EXERCISE PROMPT →
Reproduce exactly the lines from the one containing "钟山职业技术学院就业率及就业前景怎么样" through the end of the listing, minus the pictures.
DATA EXTRACT START
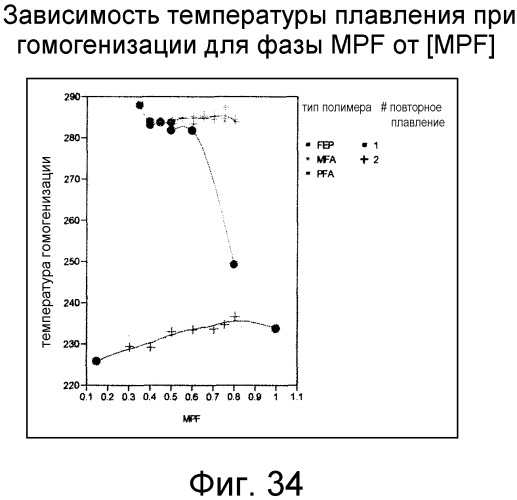 Смешанные композиции фторполимеров (патент 2497849)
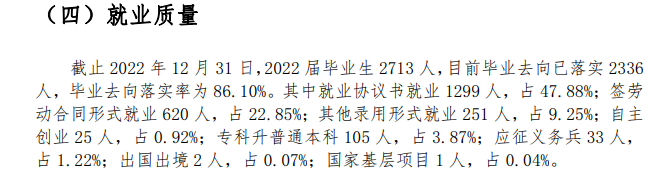 钟山职业技术学院就业率及就业前景怎么样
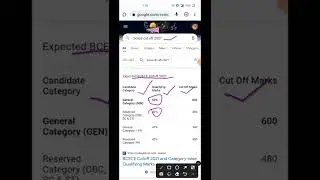 BCECE Cut Off 2021 // Expected BCECE Cutoff 2021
DATA EXTRACT END
RESULT FOR THIS EXERCISE →
 钟山职业技术学院就业率及就业前景怎么样
 BCECE Cut Off 2021 // Expected BCECE Cutoff 2021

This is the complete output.